Organ donation could change from opt-in to opt-out
Despite overwhelming support for the idea of organ donation, few people are actually donors. That's because, as the law stands today, citizens have to actively sign up to be an organ donor. But a shift of stance by opposition party Venstre (V) may lead to that changing.
V has been opposed the notion that Danes be automatically registered as organ donors, but now party spokesperson Sophie Løhde has indicated that presumed consent could help solve the considerable lack of organ donation in Denmark.
”We should look at organ donation with fresh eyes and actively consider new initiatives, including presumed consent,” Løhde said, according to metroXpress newspaper. “The goal is clear and the gap between organ donor advocates and those enrolled should be decreased, which is why we should look at a political solution.”
Nearly 500 people are currently on the organ donor transplant waiting list, and last year 76 people died while waiting for a donated organ.
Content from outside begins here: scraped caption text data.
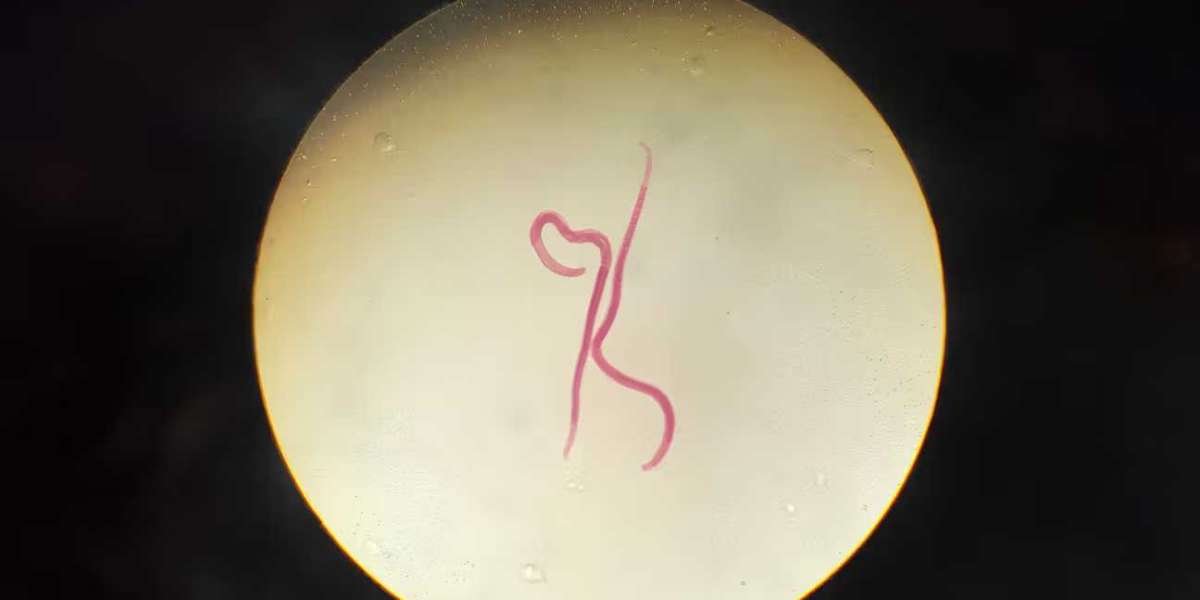 How Can Parasitic Worm Infections Be Diagnosed?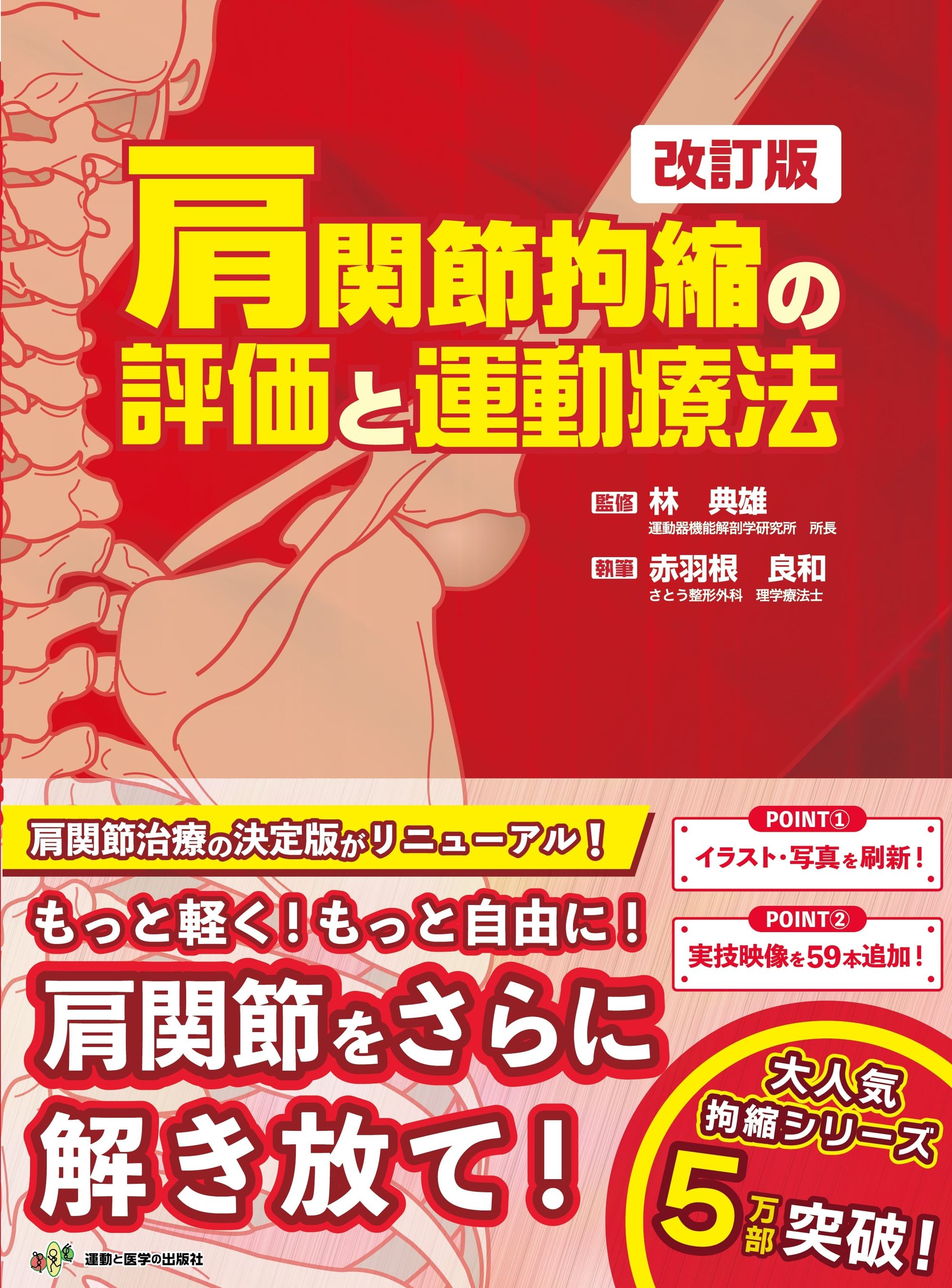 肩関節拘縮の評価と運動療法 改訂版 | 医書.jp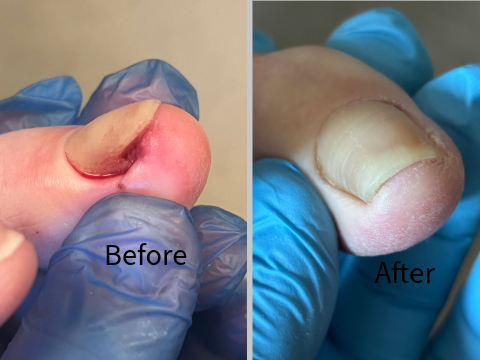Ingrown Toenail before and after treatment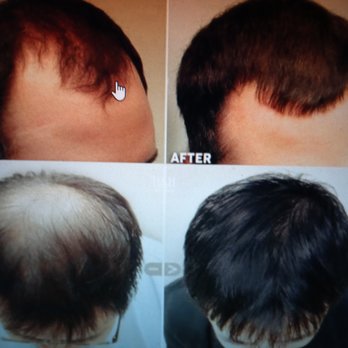 Radiant and Young Skin - PRP hair restoration - Day Spas Near Me - Katy, Texas Radiant and Young Skin - PRP hair restoration - Day Spas Near Me - Katy, Texas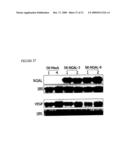 THERAPEUTIC AGENT COMPRISING LIPOCALIN 2 AGAINST CANCER METASTASIS, AND METHODS OF EARLY DIAGNOSIS AND INHIBITION OF CANCER METASTASIS USING LIPOCALIN 2 diagram and image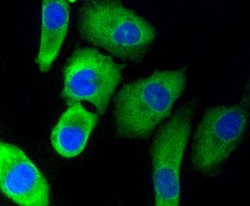 Invitrogen PHD1 Recombinant Rabbit Monoclonal Antibody (SP00-48) 100 &mu;L;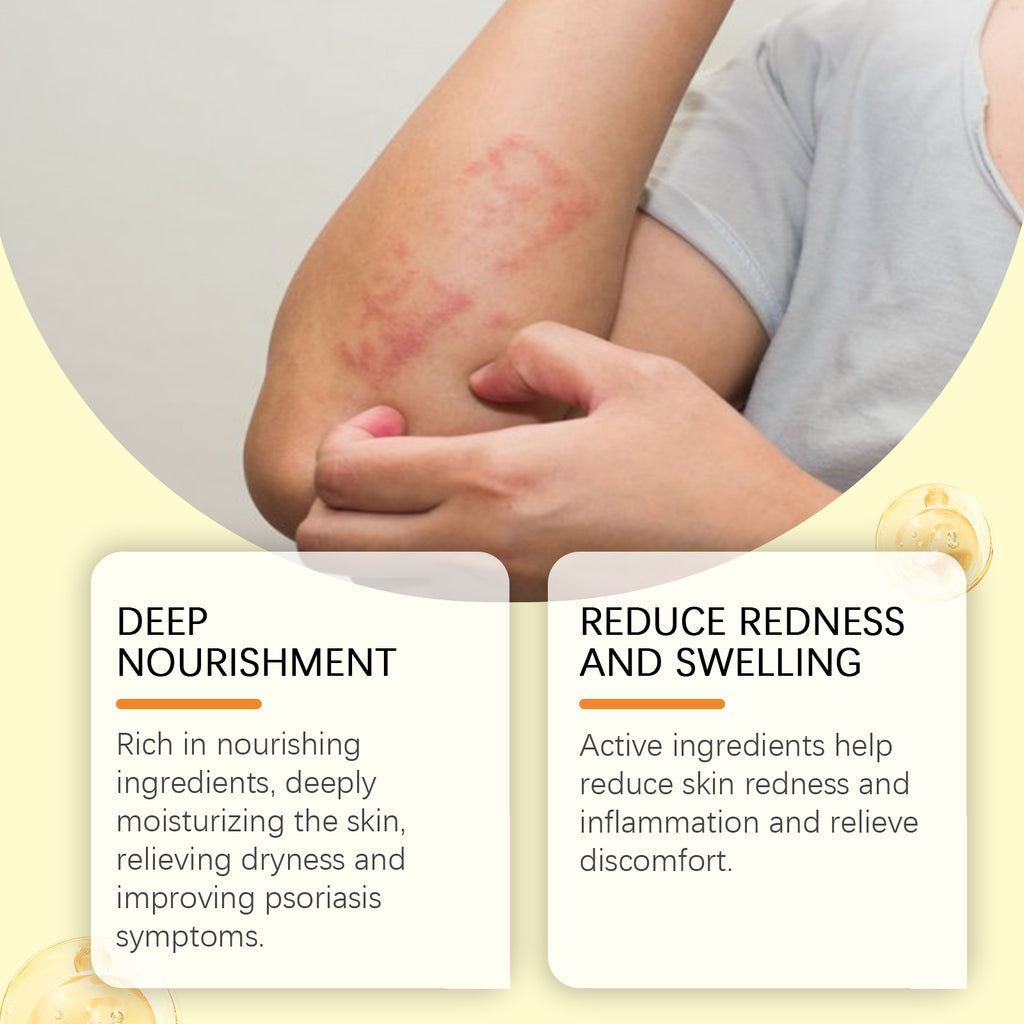 Skin Repair Cream, Skin Repair Cream For The Body And Hands And Feet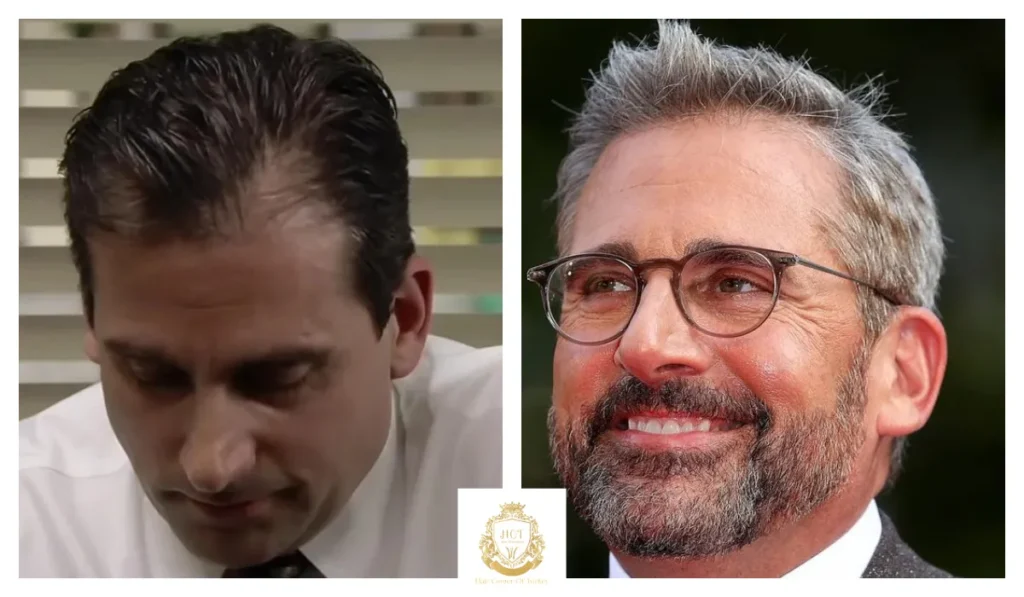 Steve Carell Hair Loss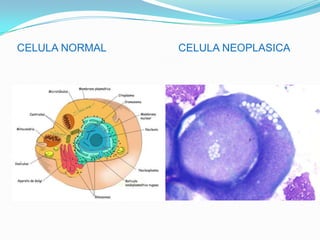 BIBLIOGRAFIAENZO clinical Labwww.enzo.comRobbins, patologiahumana. Octavaedicion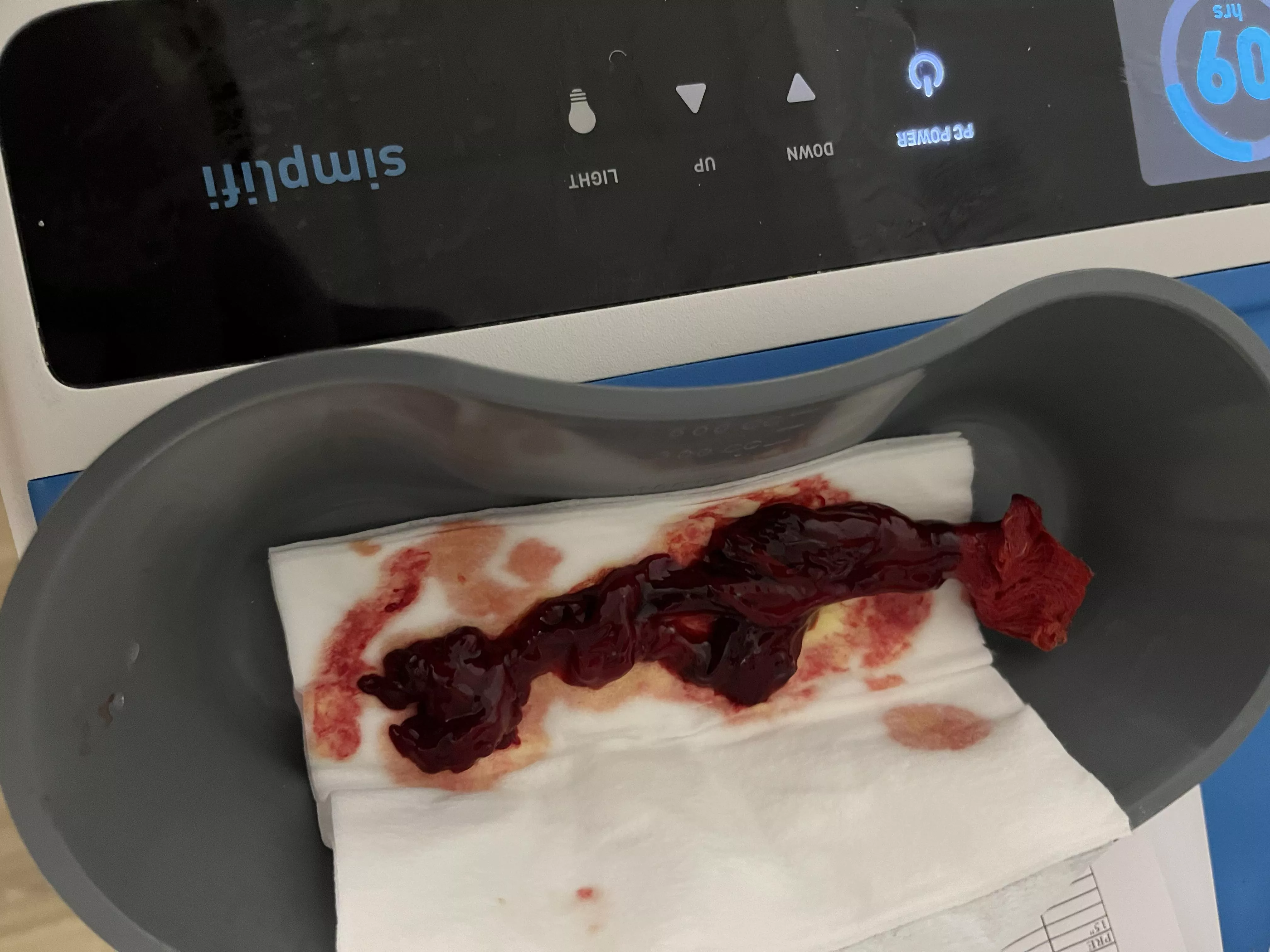 Nosebleed clot. Not for the squeamish.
But while the health minister, Astrid Krag (Socialistisk Folkeparti), said that she is pleased that there is a vibrant discussion about the increase of prospective organ donors, she doesn’t support the automated solution.
”The most decisive part will always be that the individual relates to the question about whether he or she wishes to be a donor, and speaks with their loved ones,” Krag told metroXpress. “It is the family that faces a difficult time after a death, and that’s why I’m sceptical about automated solutions which don’t include the family discussion.”
Gunna Christiansen, a medical professor and member of the ethical council Etisk Råd, maintained that the question of organ donation is very sensitive and personal. Her biggest concern is the lack of available information.
“Generally speaking, many Danes don’t know that the criteria for death is,” Christiansen told metroXpress. “And without a clear agreement that you’re dead when your brain is dead, then you can’t implement presumed consent regarding organ donation, because people don’t know what they are agreeing to.”
A YouGov panel poll from early August indicated that out of over 1,000 people asked, 56 percent agreed that presumed consent, or an opt-out system, was the way forward, while only 23 percent disapproved. Some 15 percent were neutral and six percent were unsure.
Stig Hedegaard Kristensen, the head of the kidney association Nyreforeningen, agreed that it was a difficult topic, and said he could understand religious or cultural views that argue against it, but argued that a decision now could ease the additional strain on the families of the person donating.
“It’s kind of like preparing for your own funeral and I can’t say anything other than it’s a hard decision,” Kristensen told metroXpress. “But when you do it, you relieve your next of kin from making that decision. The question will be asked if you have been in a traffic accident, and your family will know your wishes and won’t have to face that choice.”
As of 2010, 24 European countries – including Austria, Belgium, France, Hungary, Poland, Portugal and Sweden – have some form of opt-out system. According to the British newspaper the Daily Telegraph, the UK is also considering an opt-out programme for organ donation.